[Short web captions]
--- START ---
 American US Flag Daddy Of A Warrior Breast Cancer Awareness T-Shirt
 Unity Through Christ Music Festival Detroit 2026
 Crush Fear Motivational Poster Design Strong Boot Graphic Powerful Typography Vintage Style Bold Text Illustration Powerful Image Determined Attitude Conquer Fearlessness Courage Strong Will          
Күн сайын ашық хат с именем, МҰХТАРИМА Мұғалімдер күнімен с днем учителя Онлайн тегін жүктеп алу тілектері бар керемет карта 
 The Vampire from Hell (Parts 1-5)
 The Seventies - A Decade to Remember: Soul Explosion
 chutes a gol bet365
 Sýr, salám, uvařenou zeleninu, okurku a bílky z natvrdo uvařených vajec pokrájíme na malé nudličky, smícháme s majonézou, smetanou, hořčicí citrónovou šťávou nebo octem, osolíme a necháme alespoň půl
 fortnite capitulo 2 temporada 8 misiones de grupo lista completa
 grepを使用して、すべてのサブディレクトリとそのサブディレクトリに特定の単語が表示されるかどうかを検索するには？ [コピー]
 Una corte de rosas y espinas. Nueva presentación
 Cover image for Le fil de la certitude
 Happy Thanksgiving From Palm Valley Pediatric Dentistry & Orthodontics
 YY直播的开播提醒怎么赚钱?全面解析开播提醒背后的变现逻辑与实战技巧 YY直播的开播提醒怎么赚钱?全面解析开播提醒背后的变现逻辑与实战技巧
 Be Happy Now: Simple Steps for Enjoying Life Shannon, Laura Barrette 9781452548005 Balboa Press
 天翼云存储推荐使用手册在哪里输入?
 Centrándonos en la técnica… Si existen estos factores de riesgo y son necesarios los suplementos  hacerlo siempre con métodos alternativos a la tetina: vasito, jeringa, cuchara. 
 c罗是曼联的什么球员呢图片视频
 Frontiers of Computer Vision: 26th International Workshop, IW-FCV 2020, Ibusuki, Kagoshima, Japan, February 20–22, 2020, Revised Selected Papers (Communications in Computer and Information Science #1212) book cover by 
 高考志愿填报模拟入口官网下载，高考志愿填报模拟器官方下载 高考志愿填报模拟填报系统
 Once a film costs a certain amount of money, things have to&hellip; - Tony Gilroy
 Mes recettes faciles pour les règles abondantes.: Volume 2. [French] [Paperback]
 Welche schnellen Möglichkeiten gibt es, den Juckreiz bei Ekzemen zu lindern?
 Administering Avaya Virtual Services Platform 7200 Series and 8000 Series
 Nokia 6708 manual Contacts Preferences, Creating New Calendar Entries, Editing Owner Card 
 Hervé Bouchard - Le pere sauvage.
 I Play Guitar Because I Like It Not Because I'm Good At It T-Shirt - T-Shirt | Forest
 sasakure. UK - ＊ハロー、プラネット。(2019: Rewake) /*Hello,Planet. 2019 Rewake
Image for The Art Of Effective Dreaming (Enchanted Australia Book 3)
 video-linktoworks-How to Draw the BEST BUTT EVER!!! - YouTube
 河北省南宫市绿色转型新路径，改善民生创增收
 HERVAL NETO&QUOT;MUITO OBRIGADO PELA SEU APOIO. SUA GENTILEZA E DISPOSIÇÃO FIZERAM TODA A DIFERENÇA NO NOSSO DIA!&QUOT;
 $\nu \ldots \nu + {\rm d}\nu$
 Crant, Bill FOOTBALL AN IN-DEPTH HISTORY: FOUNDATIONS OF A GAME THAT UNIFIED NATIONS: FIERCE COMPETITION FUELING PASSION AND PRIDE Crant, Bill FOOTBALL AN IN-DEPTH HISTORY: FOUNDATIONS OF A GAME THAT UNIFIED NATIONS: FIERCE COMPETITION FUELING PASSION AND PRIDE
--- END ---
▶ [Exercise prompt]: Write out all of the records word for word.

▶ [Task result]:
 American US Flag Daddy Of A Warrior Breast Cancer Awareness T-Shirt
 Unity Through Christ Music Festival Detroit 2026
 Crush Fear Motivational Poster Design Strong Boot Graphic Powerful Typography Vintage Style Bold Text Illustration Powerful Image Determined Attitude Conquer Fearlessness Courage Strong Will          
Күн сайын ашық хат с именем, МҰХТАРИМА Мұғалімдер күнімен с днем учителя Онлайн тегін жүктеп алу тілектері бар керемет карта 
 The Vampire from Hell (Parts 1-5)
 The Seventies - A Decade to Remember: Soul Explosion
 chutes a gol bet365
 Sýr, salám, uvařenou zeleninu, okurku a bílky z natvrdo uvařených vajec pokrájíme na malé nudličky, smícháme s majonézou, smetanou, hořčicí citrónovou šťávou nebo octem, osolíme a necháme alespoň půl
 fortnite capitulo 2 temporada 8 misiones de grupo lista completa
 grepを使用して、すべてのサブディレクトリとそのサブディレクトリに特定の単語が表示されるかどうかを検索するには？ [コピー]
 Una corte de rosas y espinas. Nueva presentación
 Cover image for Le fil de la certitude
 Happy Thanksgiving From Palm Valley Pediatric Dentistry & Orthodontics
 YY直播的开播提醒怎么赚钱?全面解析开播提醒背后的变现逻辑与实战技巧 YY直播的开播提醒怎么赚钱?全面解析开播提醒背后的变现逻辑与实战技巧
 Be Happy Now: Simple Steps for Enjoying Life Shannon, Laura Barrette 9781452548005 Balboa Press
 天翼云存储推荐使用手册在哪里输入?
 Centrándonos en la técnica… Si existen estos factores de riesgo y son necesarios los suplementos  hacerlo siempre con métodos alternativos a la tetina: vasito, jeringa, cuchara. 
 c罗是曼联的什么球员呢图片视频
 Frontiers of Computer Vision: 26th International Workshop, IW-FCV 2020, Ibusuki, Kagoshima, Japan, February 20–22, 2020, Revised Selected Papers (Communications in Computer and Information Science #1212) book cover by 
 高考志愿填报模拟入口官网下载，高考志愿填报模拟器官方下载 高考志愿填报模拟填报系统
 Once a film costs a certain amount of money, things have to&hellip; - Tony Gilroy
 Mes recettes faciles pour les règles abondantes.: Volume 2. [French] [Paperback]
 Welche schnellen Möglichkeiten gibt es, den Juckreiz bei Ekzemen zu lindern?
 Administering Avaya Virtual Services Platform 7200 Series and 8000 Series
 Nokia 6708 manual Contacts Preferences, Creating New Calendar Entries, Editing Owner Card 
 Hervé Bouchard - Le pere sauvage.
 I Play Guitar Because I Like It Not Because I'm Good At It T-Shirt - T-Shirt | Forest
 sasakure. UK - ＊ハロー、プラネット。(2019: Rewake) /*Hello,Planet. 2019 Rewake
Image for The Art Of Effective Dreaming (Enchanted Australia Book 3)
 video-linktoworks-How to Draw the BEST BUTT EVER!!! - YouTube
 河北省南宫市绿色转型新路径，改善民生创增收
 HERVAL NETO&QUOT;MUITO OBRIGADO PELA SEU APOIO. SUA GENTILEZA E DISPOSIÇÃO FIZERAM TODA A DIFERENÇA NO NOSSO DIA!&QUOT;
 $\nu \ldots \nu + {\rm d}\nu$
 Crant, Bill FOOTBALL AN IN-DEPTH HISTORY: FOUNDATIONS OF A GAME THAT UNIFIED NATIONS: FIERCE COMPETITION FUELING PASSION AND PRIDE Crant, Bill FOOTBALL AN IN-DEPTH HISTORY: FOUNDATIONS OF A GAME THAT UNIFIED NATIONS: FIERCE COMPETITION FUELING PASSION AND PRIDE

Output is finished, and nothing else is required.